Pictures with short captions:
-- -- --

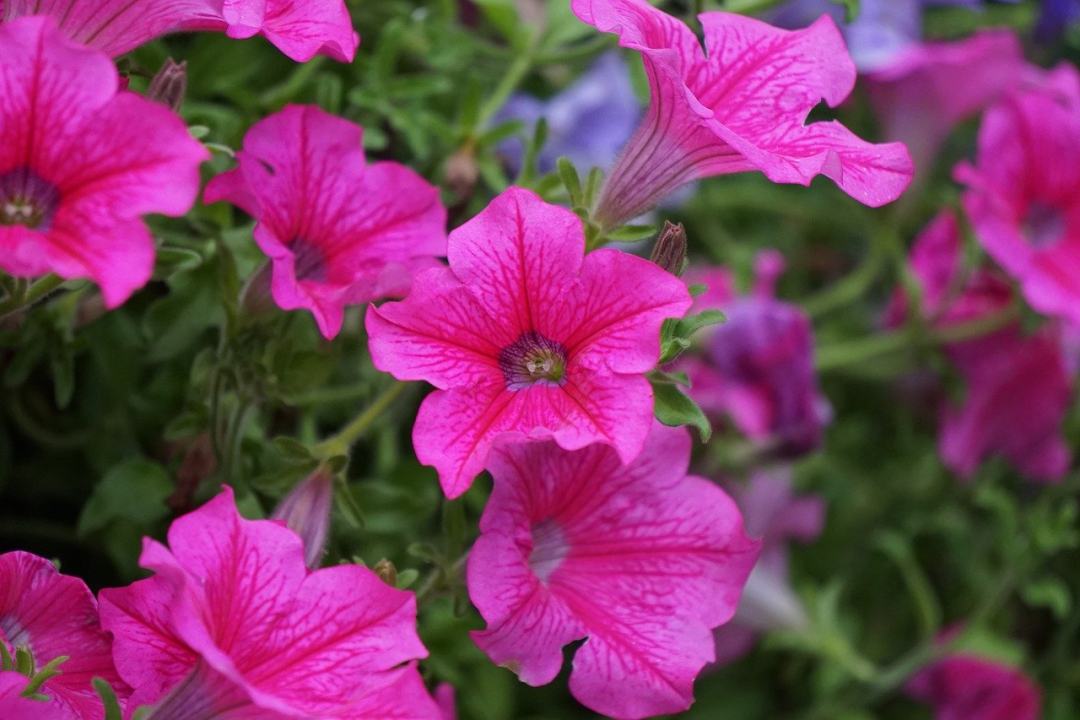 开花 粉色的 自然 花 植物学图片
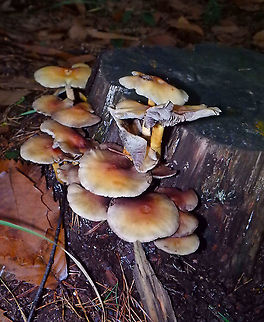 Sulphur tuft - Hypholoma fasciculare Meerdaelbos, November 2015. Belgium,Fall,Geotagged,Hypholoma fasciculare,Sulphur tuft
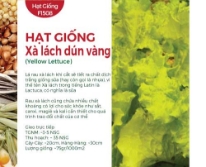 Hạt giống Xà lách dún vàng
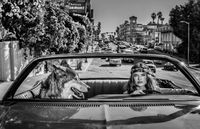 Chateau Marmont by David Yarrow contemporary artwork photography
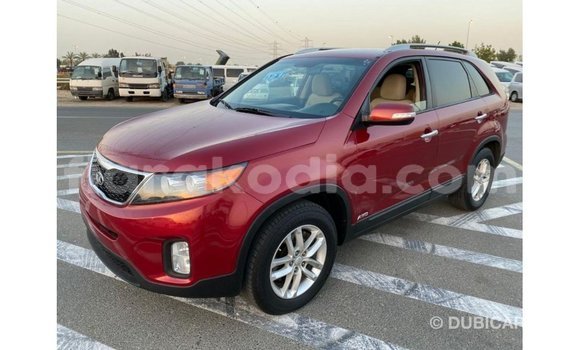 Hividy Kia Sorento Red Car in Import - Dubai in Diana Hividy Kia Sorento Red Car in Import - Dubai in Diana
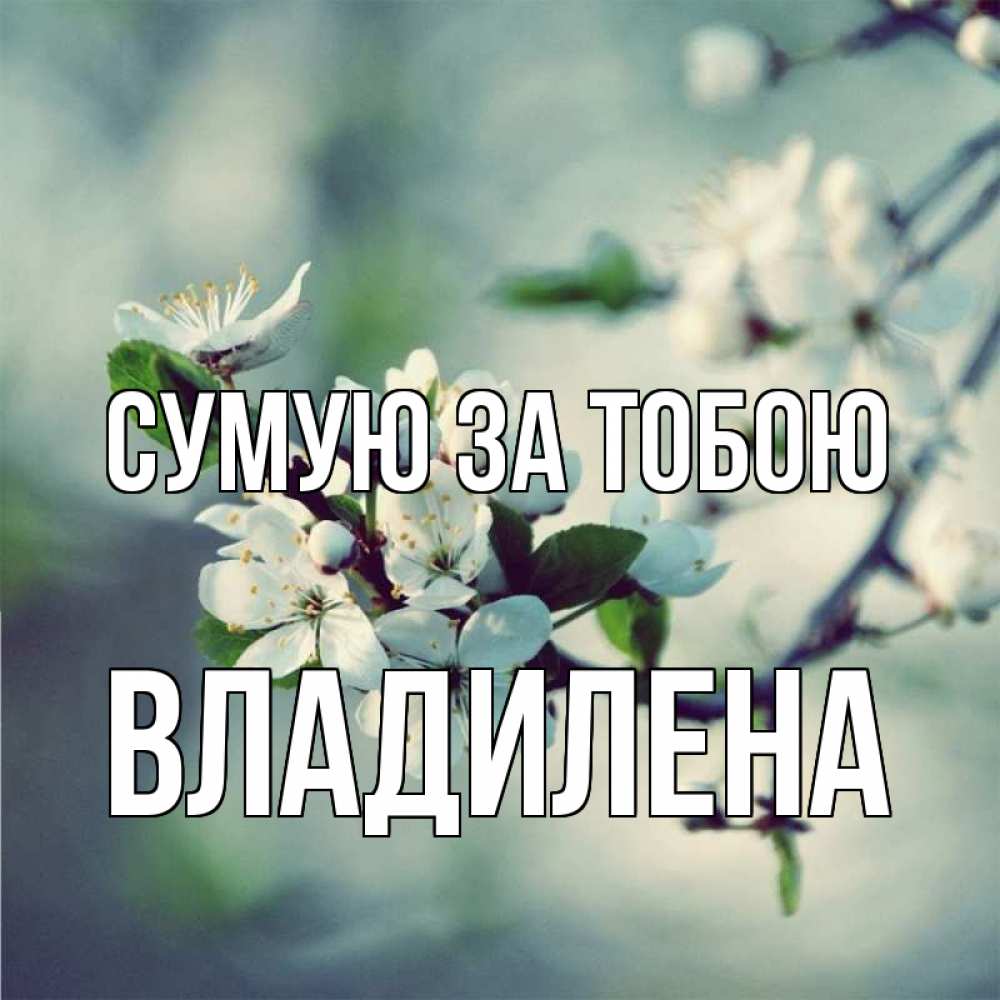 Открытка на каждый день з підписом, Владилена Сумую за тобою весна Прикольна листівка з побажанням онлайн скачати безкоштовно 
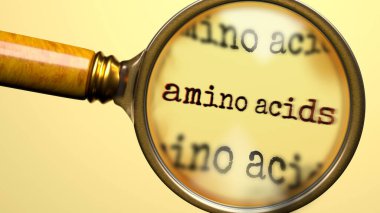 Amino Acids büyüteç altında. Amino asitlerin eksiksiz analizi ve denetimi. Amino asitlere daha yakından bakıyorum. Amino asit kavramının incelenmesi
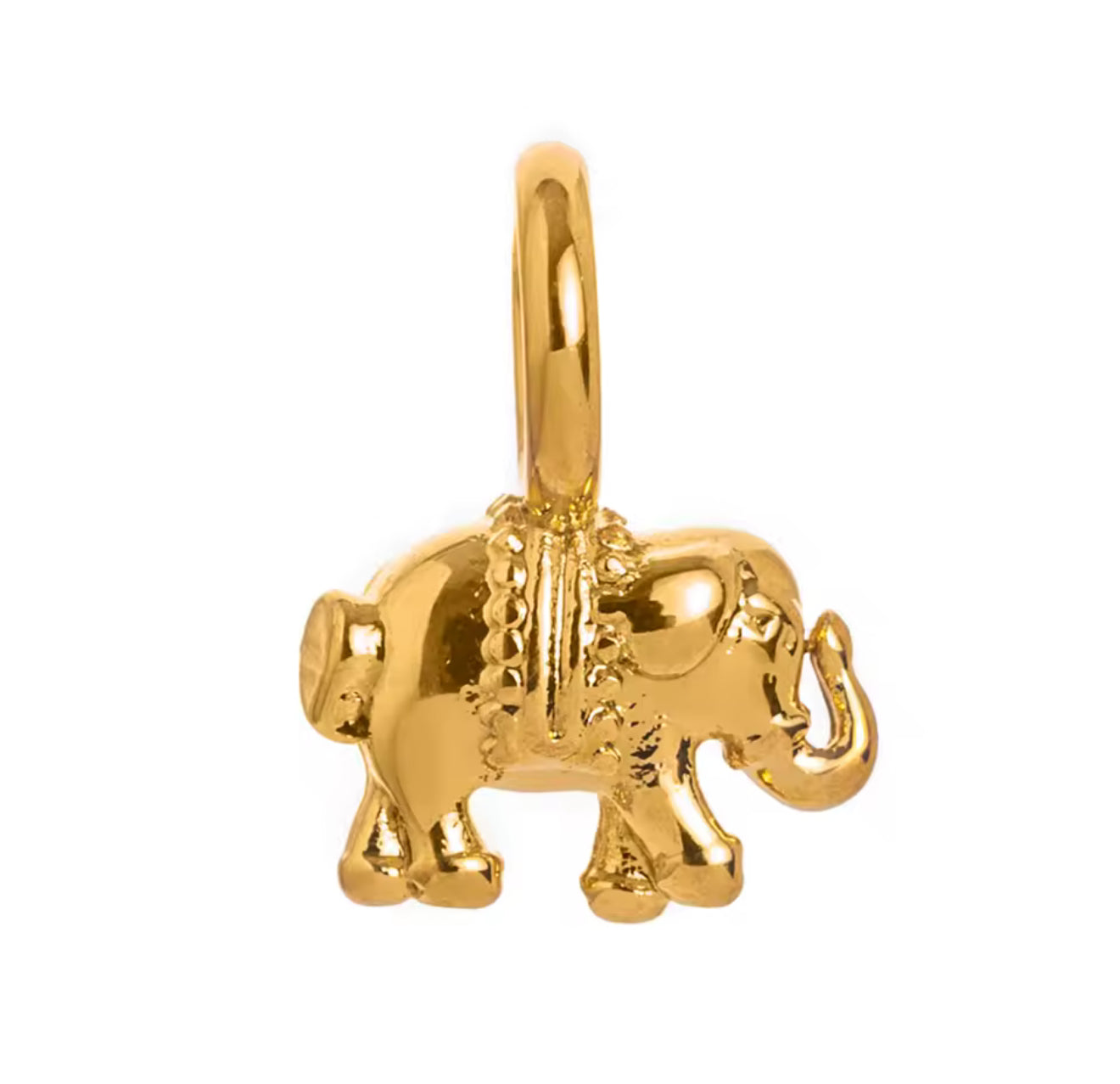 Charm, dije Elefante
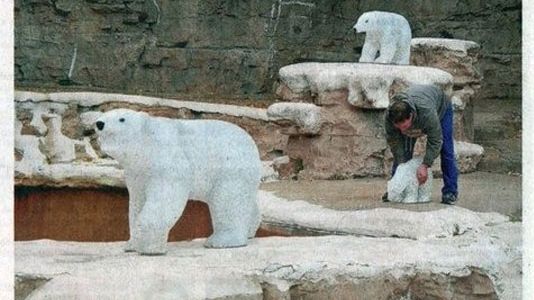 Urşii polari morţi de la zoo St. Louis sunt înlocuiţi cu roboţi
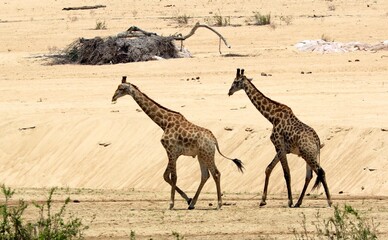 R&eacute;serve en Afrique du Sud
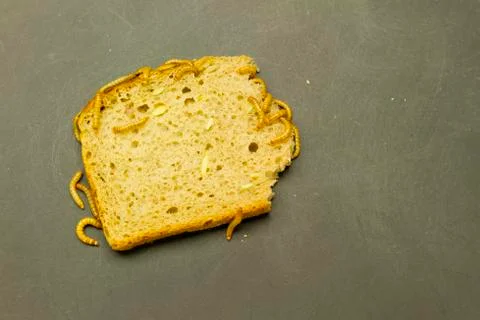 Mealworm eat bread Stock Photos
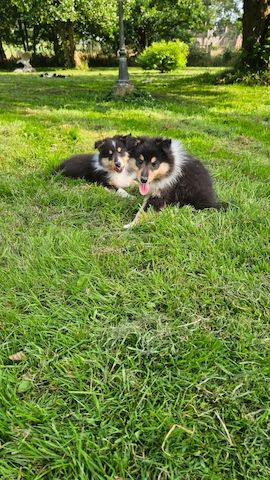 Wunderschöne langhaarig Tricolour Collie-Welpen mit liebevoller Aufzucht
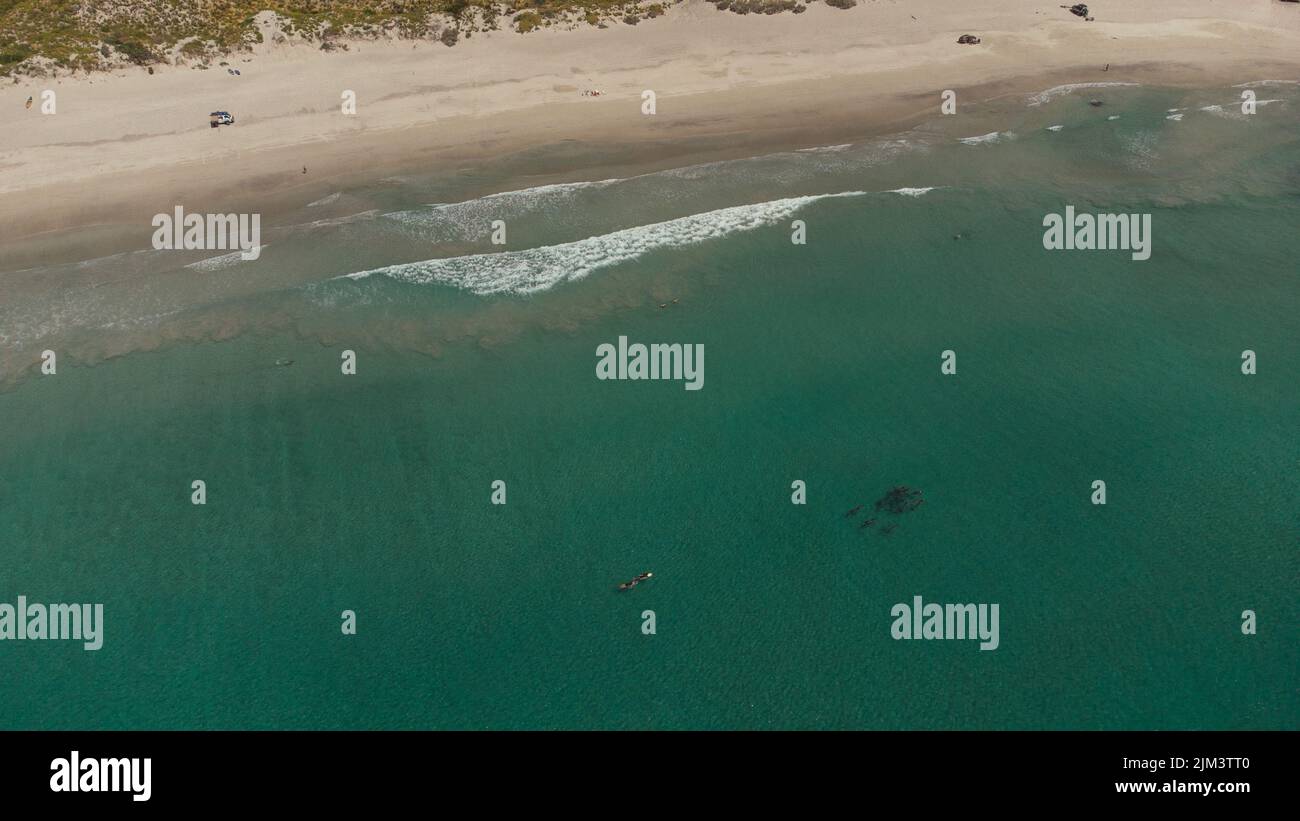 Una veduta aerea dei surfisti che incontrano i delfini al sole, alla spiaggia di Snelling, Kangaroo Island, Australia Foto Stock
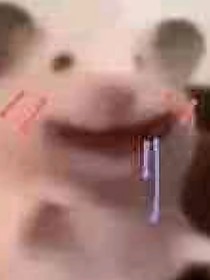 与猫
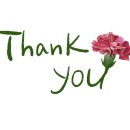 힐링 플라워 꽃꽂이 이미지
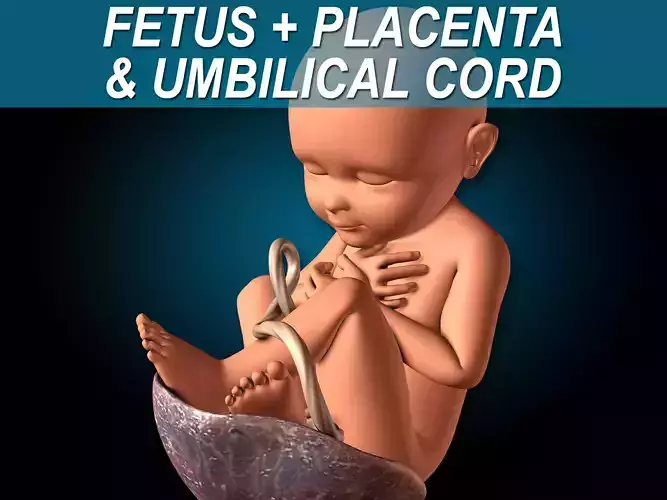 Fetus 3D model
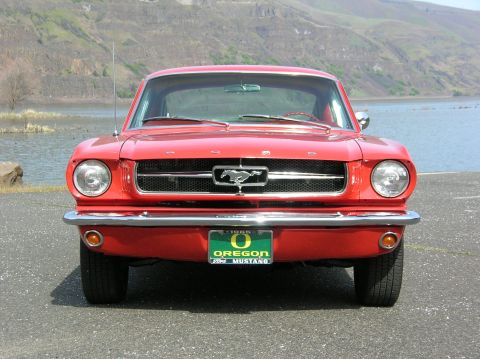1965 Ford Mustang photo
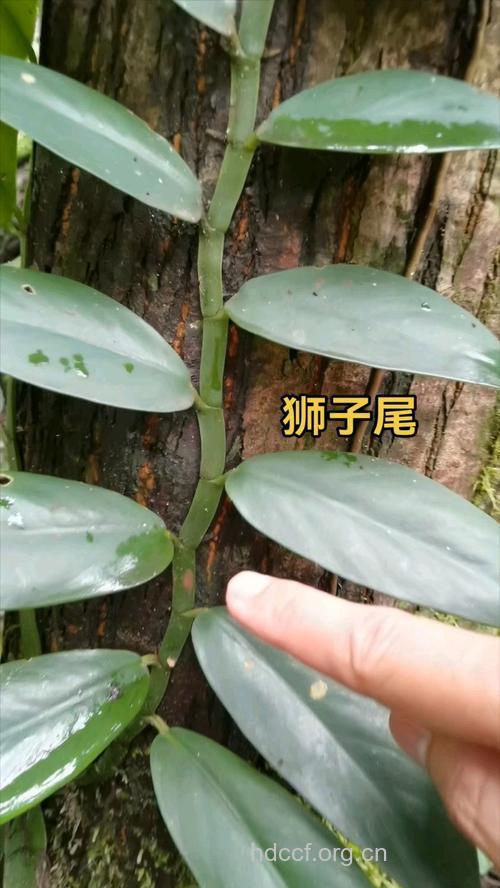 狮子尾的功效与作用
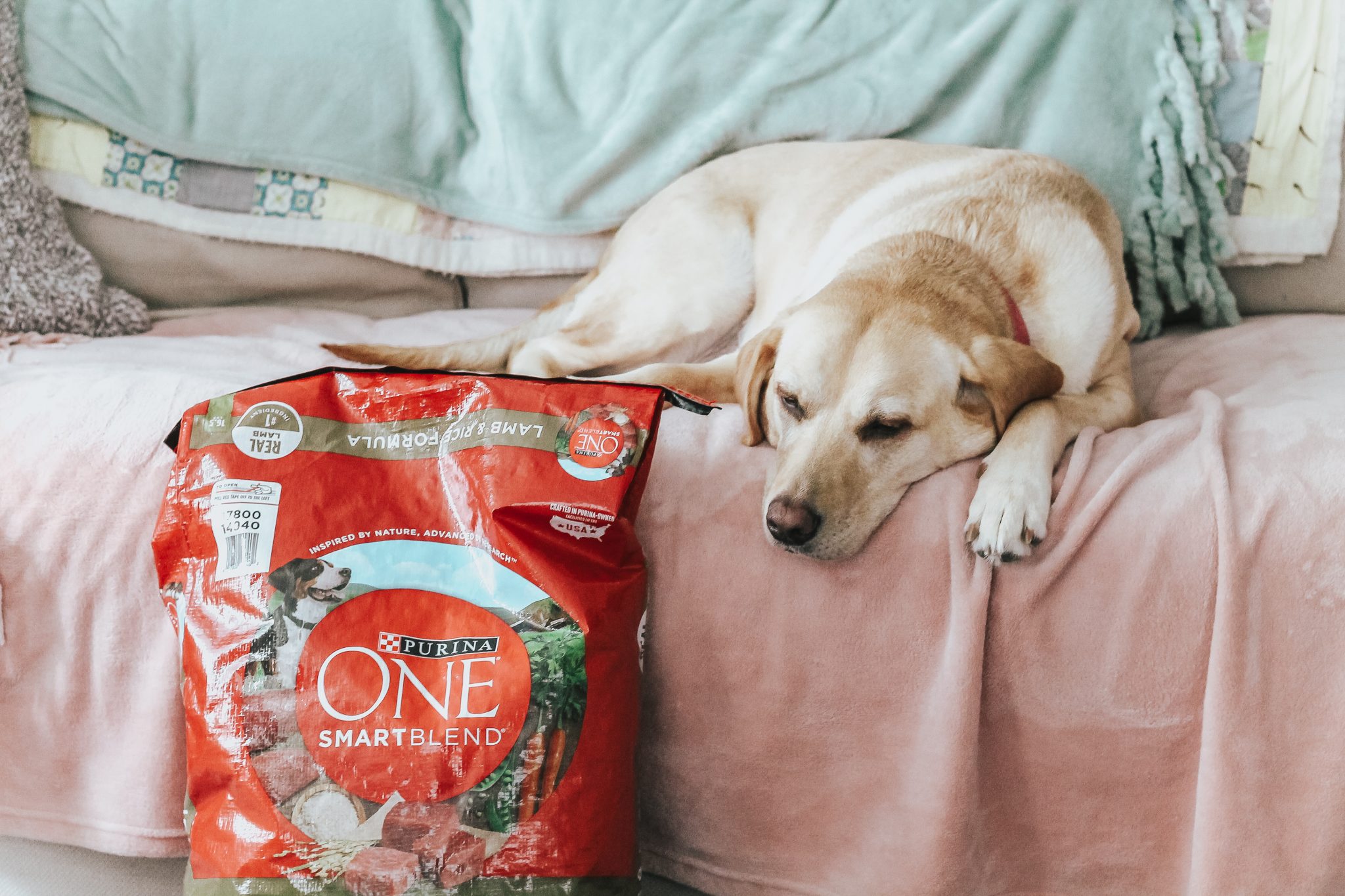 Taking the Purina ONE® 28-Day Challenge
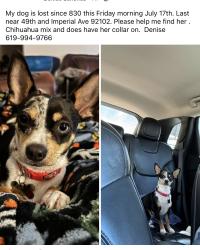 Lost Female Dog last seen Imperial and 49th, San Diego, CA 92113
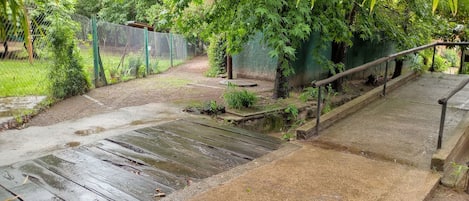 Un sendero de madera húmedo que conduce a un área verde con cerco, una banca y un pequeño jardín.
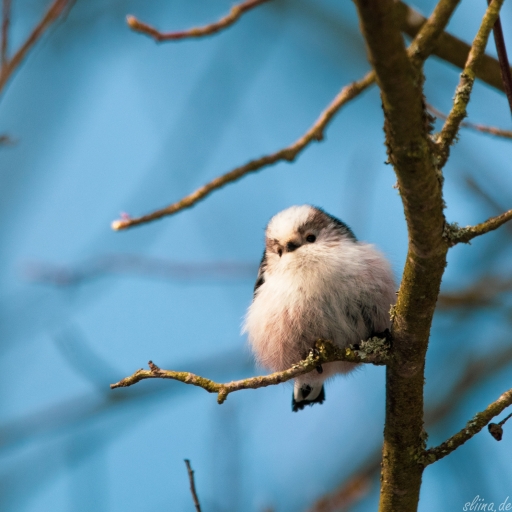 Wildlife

-- -- --

ACTIVITY:
All entries need to be duplicated exactly, apart from the images.

REPLY TO THE TASK:
 开花 粉色的 自然 花 植物学图片
 Sulphur tuft - Hypholoma fasciculare Meerdaelbos, November 2015. Belgium,Fall,Geotagged,Hypholoma fasciculare,Sulphur tuft
 Hạt giống Xà lách dún vàng
 Chateau Marmont by David Yarrow contemporary artwork photography
 Hividy Kia Sorento Red Car in Import - Dubai in Diana Hividy Kia Sorento Red Car in Import - Dubai in Diana
 Открытка на каждый день з підписом, Владилена Сумую за тобою весна Прикольна листівка з побажанням онлайн скачати безкоштовно 
 Amino Acids büyüteç altında. Amino asitlerin eksiksiz analizi ve denetimi. Amino asitlere daha yakından bakıyorum. Amino asit kavramının incelenmesi
 Charm, dije Elefante
 Urşii polari morţi de la zoo St. Louis sunt înlocuiţi cu roboţi
 R&eacute;serve en Afrique du Sud
 Mealworm eat bread Stock Photos
 Wunderschöne langhaarig Tricolour Collie-Welpen mit liebevoller Aufzucht
 Una veduta aerea dei surfisti che incontrano i delfini al sole, alla spiaggia di Snelling, Kangaroo Island, Australia Foto Stock
 与猫
 힐링 플라워 꽃꽂이 이미지
 Fetus 3D model
1965 Ford Mustang photo
 狮子尾的功效与作用
 Taking the Purina ONE® 28-Day Challenge
 Lost Female Dog last seen Imperial and 49th, San Diego, CA 92113
 Un sendero de madera húmedo que conduce a un área verde con cerco, una banca y un pequeño jardín.
 Wildlife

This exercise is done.